Europe 1 : Pourquoi l'économie libérale européenne aurait-elle une exception qui serait son agriculture, éternellement subventionnée ?

Christiane Lambert : L'agriculture a été la première à s'organiser au niveau européen, dans les années 60, et à construire la politique agricole commune. Ça répondait véritablement aux objectifs de l'Europe, d'une grande Europe qui malheureusement n'a pas su, dans bien d'autres secteurs d'activité, s'organiser de la même façon. Aujourd'hui, la politique agricole, qui est une des seules à souffrir du manque de politique monétaire, du manque de politique sociale et donc du manque d'un certain nombre d'autres politiques d'accompagnement, elle est la seule, certes, mais elle a permis à l'Europe de devenir largement exportatrice sur des produits agricoles et agro-alimentaires. Elle a donc ramené des devises pour l'Europ et dans chacun des États. De cela, on ne peut que se réjouir.

Europe 1 : Vous avez été réélue sans douleur à la tête du CNJA ?

Christiane Lambert : Sans douleur aucune, avec une large majorité et à l'unanimité moins une voix au bureau.

Europe 1 : Vous êtes partie pour présider la CNJA à vie ?

Christiane Lambert : Non, je suis partie pour présider le CNJA pendant deux ans.

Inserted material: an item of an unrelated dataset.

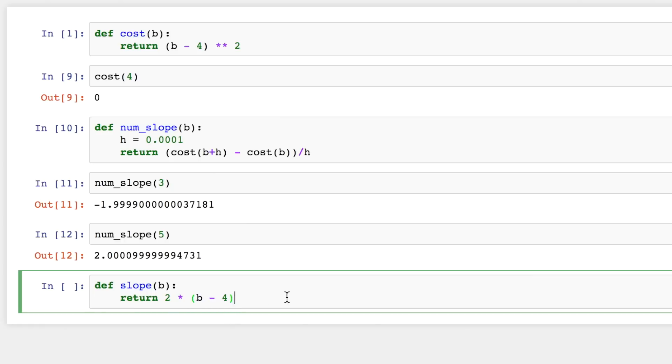Now we have to remember to take the derivative of this inner expression with respect to b as well. And in this case, it's just 1. So we multiply by 1. And multiplying by 1 doesn't change the expression. So that's the final derivative of the cost function with respect to b. So we'll see why we take the derivative of the inner expression and multiply by it in a later video when we have our full neural network in place of b.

Europe 1 : La FNSEA a fait le ménage après le départ de L. Guyau. On a poussé certains vers la porte ? Est-ce que ce sera la même chose chez les jeunes agriculteurs ?

Christiane Lambert : On ne les a absolument pas poussés vers la porte. Je peux même vous dire que certains ont partis en pleurant, atteints par la limite d'âge. Mais il n'y a pas eu de grand ménage. Au contraire, tous ceux qui pouvaient y rester selon l'âge sont restés. Ils sont au nombre de sept au bureau. Les autres ont été renouvelés. Il y a eu un renouvellement d'environ 50 % dans notre équipe.

Europe 1 : Après ce nouveau mandat, que vous restera-t-il ? Serez-vous la première femme présidente de la FNSEA ?

Christiane Lambert : Je n'envisage pas du tout les choses sous cet angle-là. Laissons le temps venir.